Good consultants, like lawyers, should be both qualified and keeping up to date with their area of expertise. The FCA runs programs aimed at professional development for the 'suppliers' to the industry and offers qualifications to recognise this – including the CFE.

 

A qualification issued by the IMC (worldwide) is called the Certified Management Consultant (CMC) and held in similar esteem to the CFE in franchising. It is only granted to experienced consultants who demonstrate the correct process in the projects they undertake.

 

How do you choose a consultant?

You want to engage a consultant who has the qualifications, expertise and experience to solve your issues. Value is the key to hiring a consultant, both in what they can deliver to you in terms of benefits, compared to the costs they incur to you. Think in terms of dollar benefit compared to the price. If all you are concerned about is the cost side of the equation, then remember you get monkeys if you pay peanuts. If you wish to ask for a quote, just make sure you are comparing like to like. It is very easy for someone to hang up a shingle and claim they are a consultant (at a low cost) and can do everything!

 

I also suggest you think of your lawyers and accountants as consultants. It amazes me how we will be talking to a client, and when asked about their lawyers, we hear they are using their local suburban lawyer - this to me would be similar to asking a divorce lawyer to handle your commercial franchise agreement. In my past life in Caltex as a property manager, it always annoyed me when a lessor would use his suburban lawyer to try and re-write the lease document or the franchise agreement, that was the standard from the Law Institute or stipulated by Government decree.

 

Specialist franchising lawyers and franchising accountants are there to handle franchise issues.

 

Another area you may want to ask a consultant about is, do they have suitable Professional Indemnity Insurance and Public Liability Insurance? If there is a problem based on advice or actions you have taken following a consultant's recommendations that have cost you a large amount of money, you may want to seek legal recourse.

 

How do you brief a consultant?

My suggestion is to have a list of what you wish to achieve. That may be broad things like:

 

  • Find me suitable locations to open new stores
  • New marketing image
  • Develop our strategic plan
  • Establish our territory planning correctly
  • Improve revenue
  • Improve our website
  • Implement a process for site selection
  • Reduce risk from legal issues
  • Develop an online operations manual

 

These may come from your business plan, a strengths, weaknesses, opportunities and threats (SWOT) analysis, or just areas that you see are causing problems in your business

 

Once you know the areas you need assistance in, construct a simple brief, possibly with some measurable achievements:

 

  • Implement a local marketing campaign where we expect five per cent coupon returns
  • Improve revenue by 20 per cent average within 12 months
  • Achieve 10 per cent improvement in mystery shopper score for my site.

 

This is often a process more about educating yourself on what you want to achieve, rather than just saying to a consultant “fix everything”.

 

How do you engage a consultant?

Once you have it clearly in your mind what you wish to achieve, then it is the consultant's job to convince you that they can do it, and meet your expectations in a timely, and cost-effective manner.
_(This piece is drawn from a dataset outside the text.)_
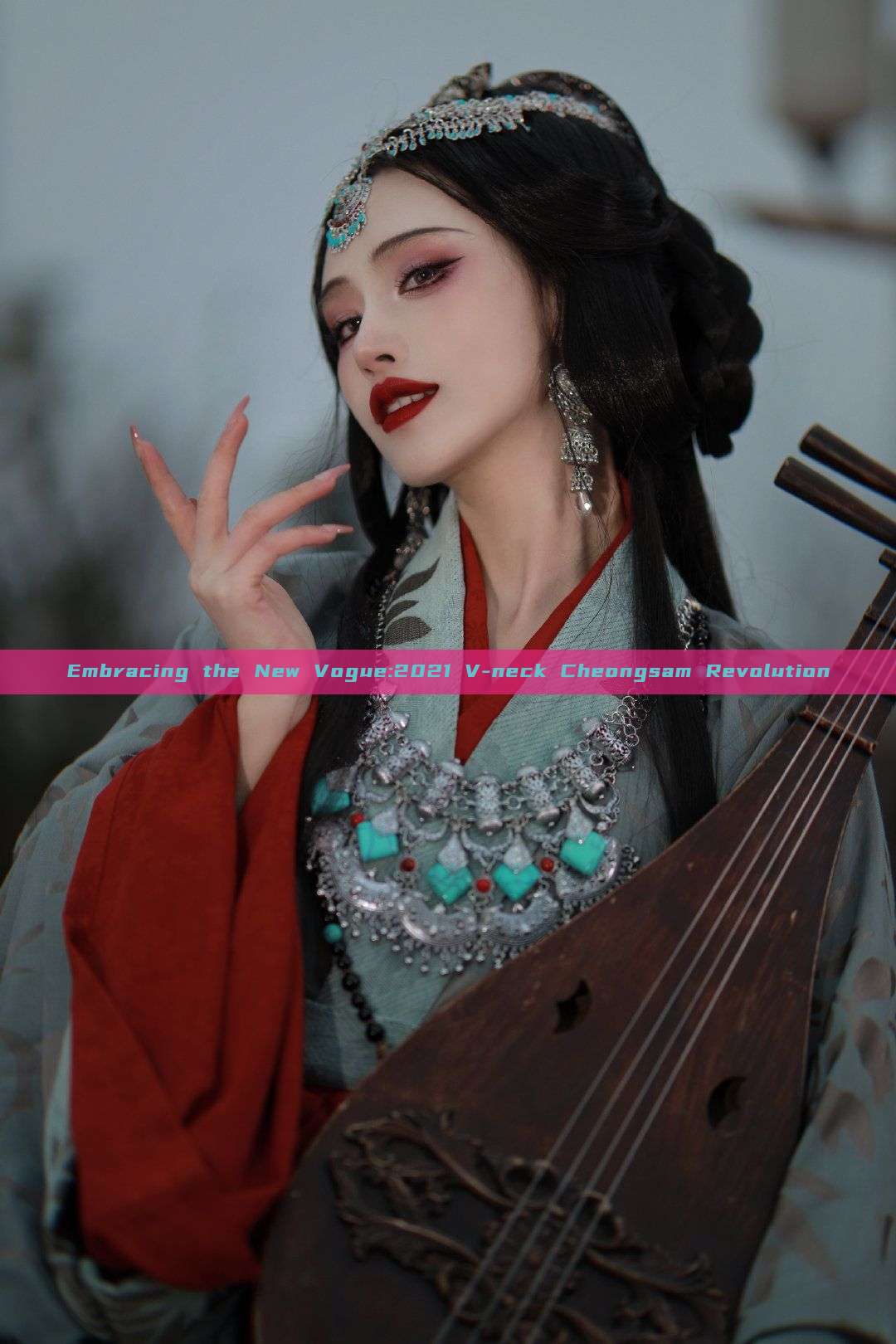 Embracing the New Vogue:2021 V-neck Cheongsam Revolution Embracing the New Vogue:2021 V-neck Cheongsam Revolution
This may involve replying to your brief, forwarding a proposal which may include references and relevant experience in similar jobs, and who will be engaged on your project, and their experience and qualifications.

Once you are satisfied that this will achieve your aims, then you engage the consultant to undertake the specified work that has been agreed on.

 

Summary

Engaging a consultant is a balance between benefits they can achieve for your business, and cost or risk reduction for your business. Having a clear idea in what you want to achieve, you can brief the consultant, and measure their performance for your business. Don’t be misled by low costs, under qualified and inexperienced consultants.

The consultant you engage must be of value to your business, so select well, as they can generate good money for your business, and in some cases, turn your business completely around for the better.